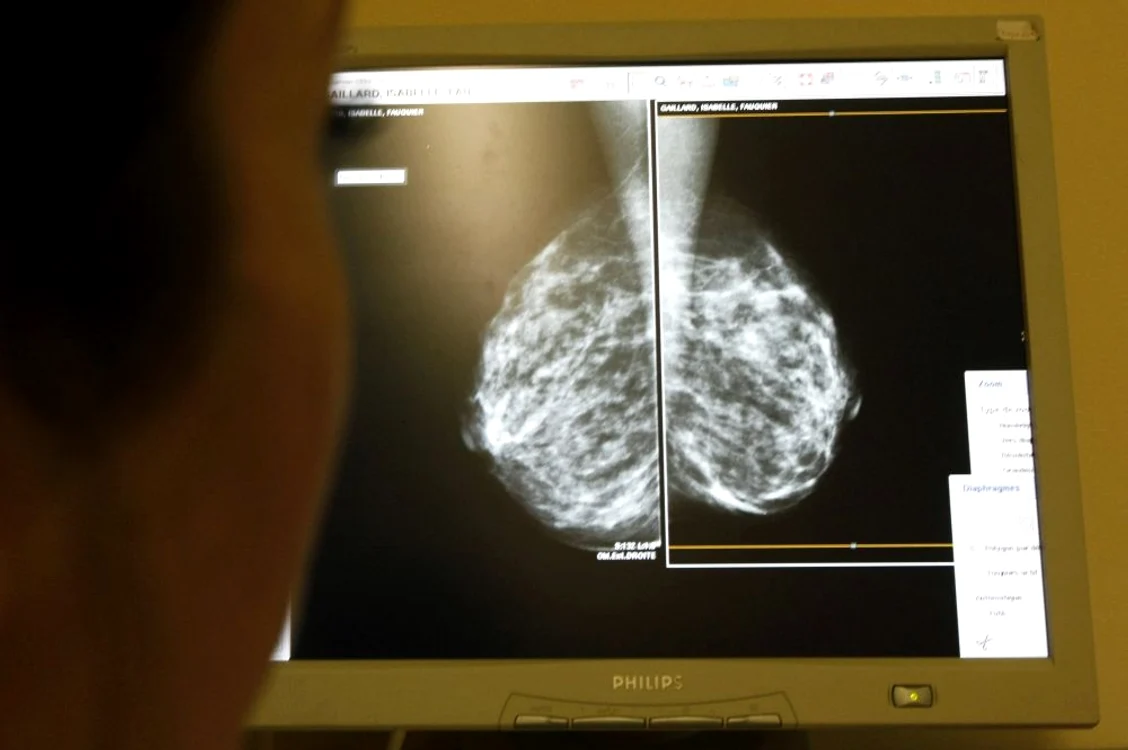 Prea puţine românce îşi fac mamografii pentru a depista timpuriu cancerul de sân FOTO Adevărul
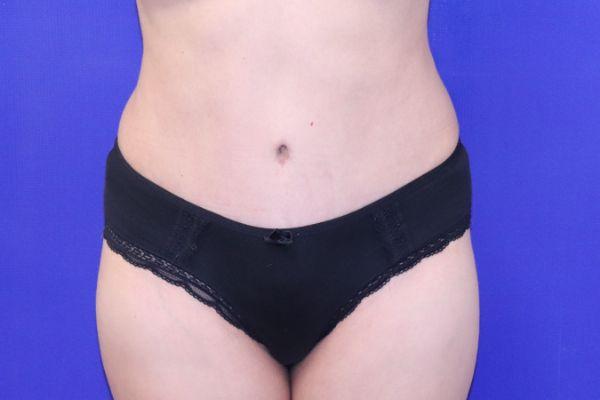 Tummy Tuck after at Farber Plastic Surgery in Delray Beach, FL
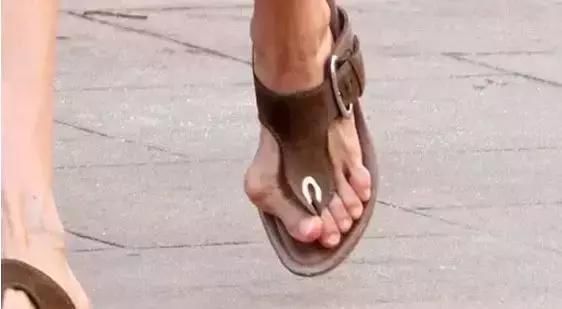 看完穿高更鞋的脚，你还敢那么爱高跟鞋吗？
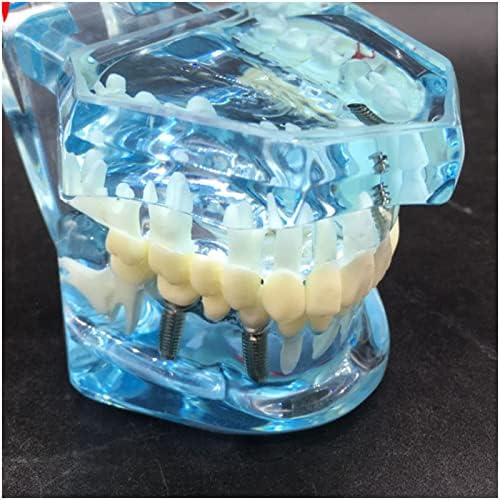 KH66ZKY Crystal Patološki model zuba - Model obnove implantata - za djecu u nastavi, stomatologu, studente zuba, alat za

• The problem: Could you reproduce the data above exactly, without its pictures?

• Answer for the task:
 Prea puţine românce îşi fac mamografii pentru a depista timpuriu cancerul de sân FOTO Adevărul
 Tummy Tuck after at Farber Plastic Surgery in Delray Beach, FL
 看完穿高更鞋的脚，你还敢那么爱高跟鞋吗？
 KH66ZKY Crystal Patološki model zuba - Model obnove implantata - za djecu u nastavi, stomatologu, studente zuba, alat za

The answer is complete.